Doughnuts Are Hateful

(Not really.)

I can barely begin to tell you how frustrating National Doughnut Day is for me as someone who’s gluten-intolerant in this town. Gluten-free doughnut recipes don’t cut it, even though I once, full of optimism, bought a doughnut pan.

Really? I have to make them myself? No.

Doughnut shops have exploded all over Richmond — Country Style Donuts, Dixie Doughnuts, Duck Donuts, Krispie Kreme Donuts, Sugar Shack, the Treat Shop RVA and the one that practically makes me cry, Mrs. Yoder’s — on every dang corner.

What is wrong with you people? Haven’t you heard how bad they are for you? Did you know that a doughnut averages around 300-400 calories? Are you aware that you’d have to run for 40 minutes to burn away those insane 400 calories or walk very, very fast for an hour? I don’t want to do either of those things.

And it’s spelled doughnut, not donut. So stop it.

The history of the doughnut is maddeningly complicated. Let’s just say they might have been eaten since prehistoric times. And they were originally called olykoeks, oily cakes in Dutch. All of this is according to Smithsonian.com

Doughnuts proper, the article says, were invented in the 19th century by the mother of New England ship captain in order to utilize some of the things her son was transporting — nutmeg, cinnamon and lemons.

Her son claims he was the one to come up with the most important innovation, however, the hole in the middle of the doughnut.

The Smithsonian writes, “Some cynical doughnut historians maintain that Captain Gregory did it to stint on ingredients, others that he thought the hole might make the whole easier to digest. Still others say that he gave the doughnut its shape when, needing to keep both hands on the wheel in a storm, he skewered one of his mom’s doughnuts on a spoke of his ship’s wheel.”

The doughnut didn’t become popular, however, until World War I, when volunteers brought them to the front lines in France to cheer up the troops. The story doesn’t mention how said volunteers got to the trenches without getting shot.

The next step in the history of doughnuts, and arguably the most important, came in 1920 when New York baker Adolph Levitt invented a machine to automate the doughnut-making process. Without it, the Sugar Shacks and Dixie Donuts of the world never would have gotten started.

The rest is history — and if you’d like to read the rest of that extremely detailed history, here’s a link to the Smithsonian’s informative story.

Back to my personal doughnut history: When my oldest daughter was around 2 years old, we stopped at Krispy Kreme on West Broad Street — the “hot” sign was on — and I bought a half-dozen original glazed. I gave one to my daughter and then (it’s hard to talk about) ate four in a row. I was forced to offer the last one to my daughter as a bribe so that she wouldn’t tell her father. And then deal with the consequences of giving a preschooler an enormous amount of sugar that zoomed through her tiny body like rocket fuel and made her act like a deranged — but adorable — wild animal until bedtime.

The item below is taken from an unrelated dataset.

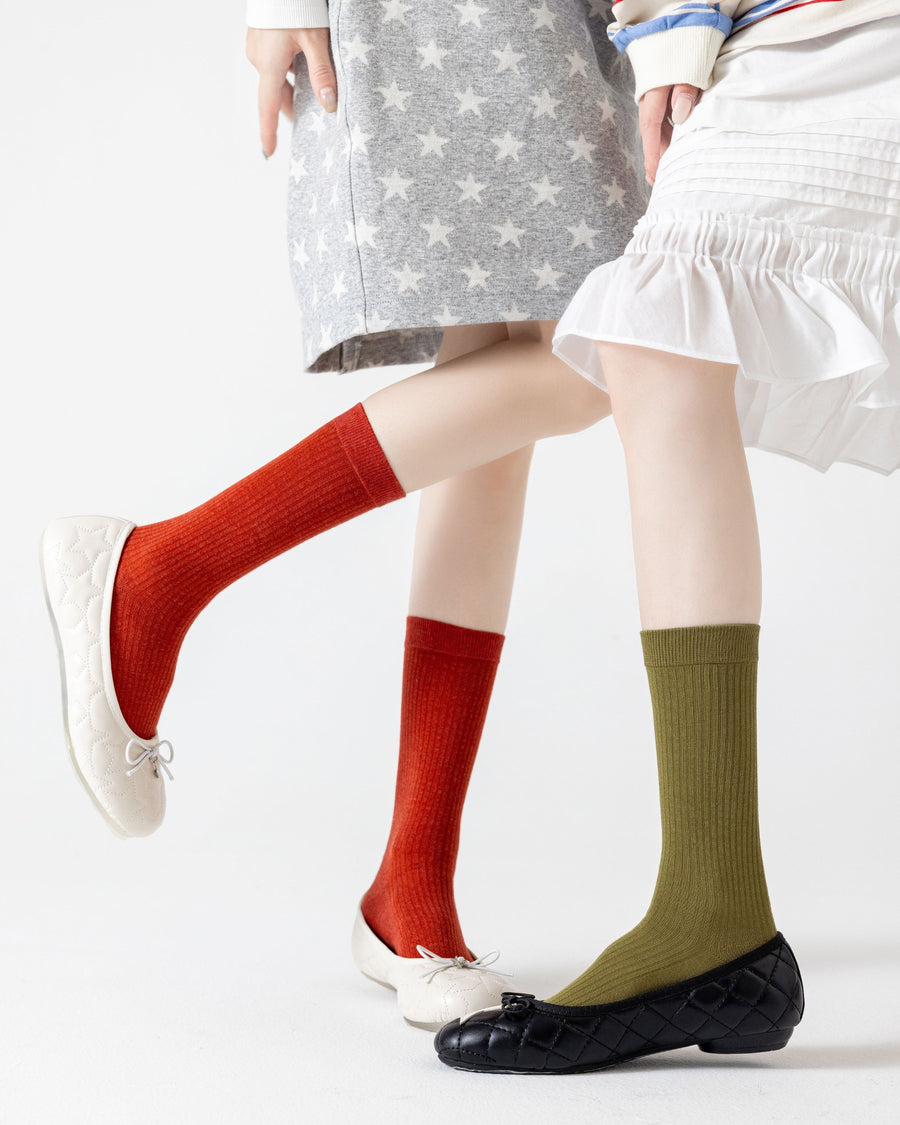 Vibrant Double-Needle Ribbed Cotton Crew Socks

When my second daughter was around 10 months old, the three of us went to the grocery store. Her older sister immediately had a meltdown — a serious, fling-your-body-on-the-floor while screaming as loudly as only a 3-year-old can. This made her baby sister cry. And I had to buy groceries. We had no food at home. Not even Goldfish.

Desperation inspired an evil thought that turned into something I never would have even considered the first time around when I was a new mother. I gave my baby (and my three-year-old) a doughnut, just so I could get through the store. And immediately ran into that sanctimonious, judgmental mother at every preschool. Years later, her son, at the age of 10, still hadn’t had a french fry. My baby’s face was covered in sugar. I chatted with the perfect mom, pretending that I couldn’t see the itty-bitty hands speedily shoveling fried dough into what had turned into a gaping maw.

I’m a bad mother. I admit it.

But I love doughnuts and I don’t know how I’m going to make it through this day. I really don’t.